On that note, I can't possibly do the thirty day shred again for a while. What else should I do? Any suggestions? Keep in mind that I need to keep a strong core and I'm vain about my arms. And that I hate exercising at all and so it can't be longer than 20 minutes or I won't really do it, probably. I probably won't do it. Who are we kidding, I definitely won't do it.

Monday, November 04, 2013

there's a new church year around the corner

I'm good at living and celebrating the church year because it's my job and if I don't pull things together, the church does it for me. Or, rather, I go over and do it at church and don't have to worry about it in the same way at home.
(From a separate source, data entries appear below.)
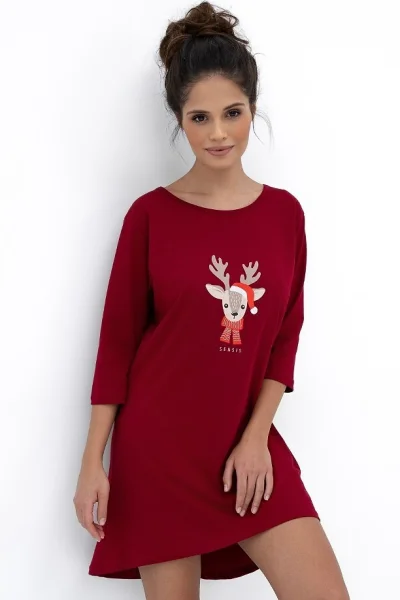 Noční košile Elia - bavlna - Bordó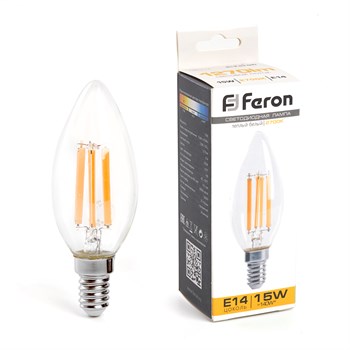 Лампа светодиодная Feron LB-717 Свеча E14 15W 230V 2700K - фото 138225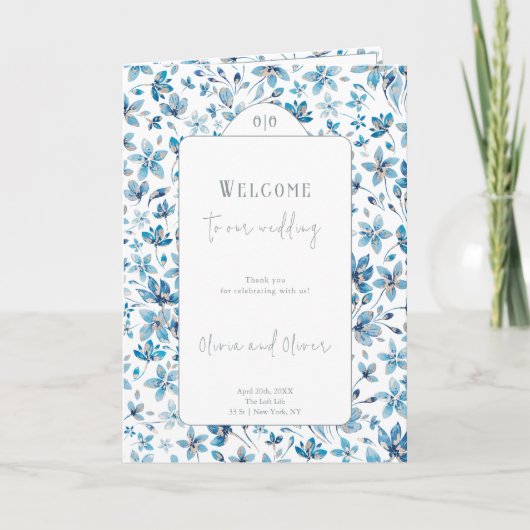 Kleine Blauwe Bloemen Trouwprogramma (Voorkant)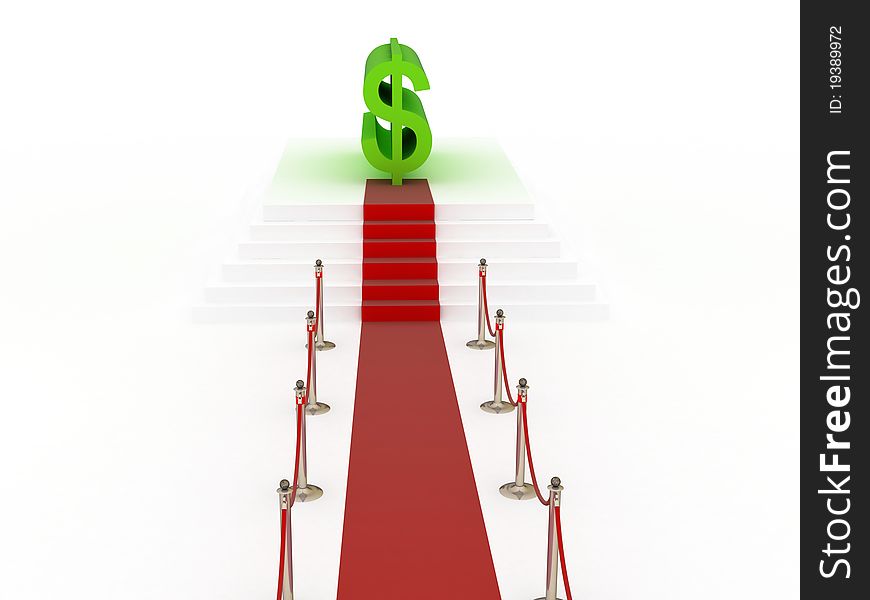 Red carpet track with fence to green sign of dollar. Red carpet track with fence to green sign of dollar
So much of my life is rummaging around in cupboards in the sacristy or the church bat cave or the Sunday school cupboard looking for advent candles or black ribbon for Good Friday or tying head arrangements on assorted boys trying to beat each other with their shepherd's staffs at Christmas time or rushing out on Saturday night to acquire unto myself oranges and chocolate gold coins for the tallest man that fits my make shift bishop hat to distribute to surprised children in the middle of church on the Sunday closest to St. Nicholas Day. My home church year life is less about all that and more about the food. And that, the food I mean, Matt and I take very seriously. Eating through the church year is our spiritual act of worship, or our love language, or something.

But vast acres of this way of living and worshipping go unexplained and might appear to be, or even are, hap hazard. And the church, this exact church here that I am lying in my bed gazing at
is full of people for whom this particular flavor and brand of Christianity is new and unfamiliar. The changing colors on the altar is the most obvious and intriguing sign of the church year but there are so many rites  and prayers and traditions that we do at Good Shepherd, sometimes explaining them, sometimes forgetting to, that many who worship here are frequently wandering around in a shadow of curiosity wondering "What On Earth are they doing and why?" And sometimes "Can I go on doing some of this in my dorm or at home with my children or something?" 
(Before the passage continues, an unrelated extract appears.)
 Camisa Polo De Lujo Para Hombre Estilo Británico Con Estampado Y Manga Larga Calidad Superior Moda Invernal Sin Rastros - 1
Well, rejoice beloved, now there is a clever little book to bring some of it into focus and make it easier to bring what we do at church into your various and sundry abodes.
Jessica Snell of Homemaking Through the Church Year and many other interesting endeavors has put together a practical and useful guide to understanding and doing many of the things that Christians have done done through the centuries. She writes, "This book is focused on bringing seasonal Christian traditions into the home, so that our daily routines can be peppered with little reminders of God’s goodness and grace. Ideally, we’ll all be as aware of God at home as we are at church."
Because what is the use of knowing about these traditions or seeing them if you can't bring them home and make them your own. And how can you do that if someone doesn't show how and why. And to add icing over the whole plummy wonder is that she's published the Advent and Christmas sections first and in time to really do something about them. I particularly commend Jessica's introductory explanation of what the church year is and what it is for. Rather than just adding another pile of work to your devotional life, she articulates a lovely vision for an ordered, gracious life centered around the life of Jesus and the work of the Holy Spirit. As I am constantly yelling at people, liturgy is meant to be a help. You put yourself into an action that you don't necessarily feel and it carries your forward. Wondrously, this doesn't just have to happen for an hour on Sunday morning. Carry it home with you. Let Us Keep The Feast will be a great help to you as you do!